Chez soi, de Perla Serfaty-Garzon : les territoires de l’intimité

Quoi de plus familier que le chez-soi ? Chacun ne sait-il pas tout sur sa maison, sa façon d’habiter, ses goûts, ses espoirs et ses déceptions en matière d’aménagement et d’ameublement ? Ne sait-il pas que la perte du chez-soi est dramatique ? En somme, chacun ne sait-il pas ce qu’habiter veut dire ? Et, partant, pourquoi s’y intéresser, y aller voir de près ? Familiers, le chez-soi et l’habiter semblent relever de l’évidence.
Mais voilà, ce familier fait beaucoup parler de lui, semble être un sujet inépuisable.
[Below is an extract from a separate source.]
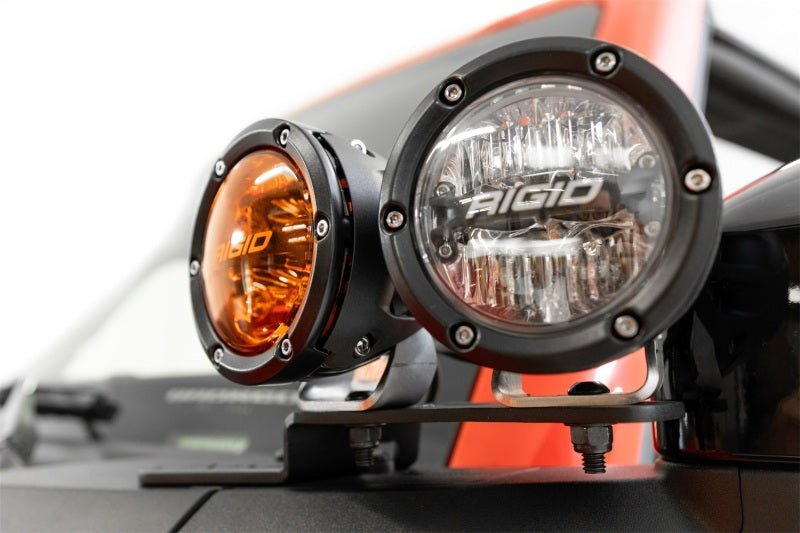 Addictive Desert Designs21-23 Ford Bronco/Raptor Dual Ditch Light Brackets - CPC Performance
Comme on le voit, je suis toujours dans ma thématique de la maison, et je voulais absolument lire cet essai, qui commence à dater (2003) mais est une référence concernant la réflexion sur l’intimité et la notion d’habiter.

Dans cet essai, Perla Serfaty-Garzon part du constat que s’il n’y a en apparence rien de plus simple que le « chez soi », il n’y a pourtant rien de plus complexe.

Après s’être interrogée sur l’élaboration sociale de la notion d’intimité au cours de l’histoire, elle interroge la notion de la demeure et de l’habiter, explorant le vocabulaire, l’imaginaire qui y est lié, le motif du nid et de la coquille, convoquant pour cela les recherches de Bachelard.

Dans une troisième partie, elle s’intéresse à la manière dont on s’approprie la demeure, comment elle devient support de l’expression de soi, la temporalité et les rituels, avant d’étudier les meubles et les objets qui nous entourent, qui permettent de prendre notre place et d’exprimer qui on est.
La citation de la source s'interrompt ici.